11. The method of claim 1, wherein said contact lens comprises apertures to allow application of said corneal crosslinking solution to said cornea after the positioning of said contact lens on said cornea; and

applying additional corneal crosslinking solution to said cornea through said apertures of said contact lens after said contact lens has been positioned on said cornea.

12. A method of treating corneal abnormalities comprising the steps of:

applying a corneal crosslinking solution to a cornea, said corneal crosslinking solution inducing crosslinking of collagen within said cornea when said corneal crosslinking solution and said cornea are exposed to ultraviolet light;

positioning on said cornea a contact lens having etched portions that preclude passage of ultraviolet light through said contact lens and transparent portions that allow passage of ultraviolet light through said contact lens; and

exposing said corneal crosslinking solution to ultraviolet light through said contact lens for sufficient time to crosslink said collagen in the areas of said cornea corresponding to said transparent portions of said contact lens;

whereby crosslinking of said collagen is precluded in areas of said cornea corresponding to said etched portions of said contact lens.

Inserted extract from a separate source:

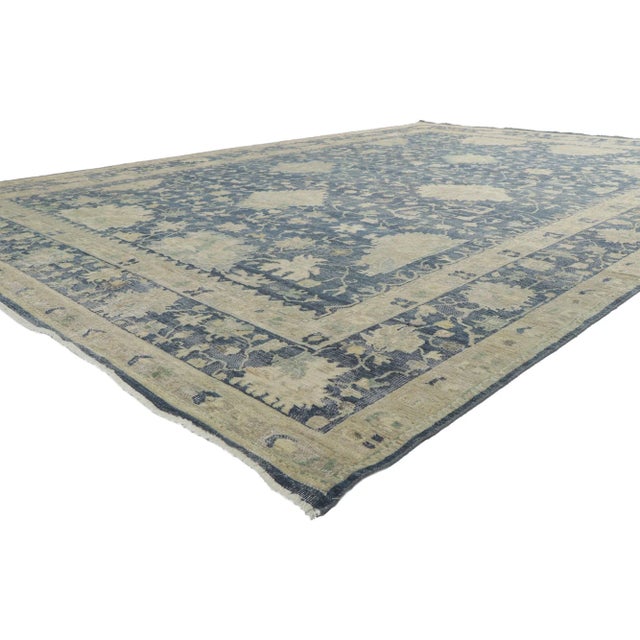 30711 Vintage Modern Blue Distressed Rug, 09'08 x 13'09. Immerse yourself in the enchanting beauty of this hand-knotted...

13. The method of claim 12, wherein said corneal crosslinking solution is riboflavin.

14. The method of claim 12, wherein said etched portion comprises a checkerboard pattern.

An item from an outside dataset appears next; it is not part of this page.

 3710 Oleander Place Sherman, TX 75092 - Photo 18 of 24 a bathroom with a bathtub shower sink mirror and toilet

15. The method of claim 12, wherein said contact lens comprises a raised vault to retain said corneal crosslinking solution on said cornea.

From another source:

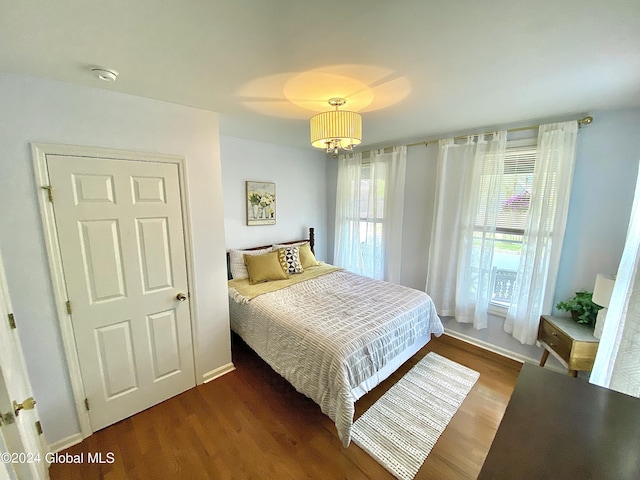 bedroom featuring dark hardwood / wood-style flooring and a chandelier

16. A method of treating corneal abnormalities comprising the steps of:

taking topographical measurements of the surface configuration of a cornea;

providing a transparent contact lens and shaping the interior surface of said contact lens based on the topographical measurements of the surface configuration of said cornea;

etching portions of said transparent contact lens such that said contact lens comprises etched portions that preclude passage of ultraviolet light through said contact lens and transparent portions that allow passage of ultraviolet light through said contact lens;

applying a corneal crosslinking solution to a cornea, said corneal crosslinking solution inducing crosslinking of collagen within said cornea when said corneal crosslinking solution and said cornea are exposed to ultraviolet light;

positioning said contact lens on said cornea; and

exposing said corneal crosslinking solution to ultraviolet light through said contact lens for sufficient time to crosslink said collagen in the areas of said cornea corresponding to said transparent portions of said contact lens;

whereby crosslinking of said collagen is precluded in areas of said cornea corresponding to said etched portions of said contact lens.

17. The method of claim 16, wherein said step of shaping the interior surface of said contact lens comprises matching the surface configuration of said cornea.

18. The method of claim 16, wherein said step of shaping the interior surface of said contact lens comprises determining a desired surface configuration for said cornea and shaping the interior surface of said contact lens such that the surface configuration of said cornea is physically reshaped into said desired configuration when said contact lens is positioned on said cornea.

19. The method of claim 16, wherein said step of etching portions of said contact lens comprises etching a plurality of shapes onto said lens in a patterned area, such that the amount of ultraviolet light penetrating said contact lens is reduced in said patterned area.

20. The method of claim 16, wherein said corneal crosslinking solution is riboflavin.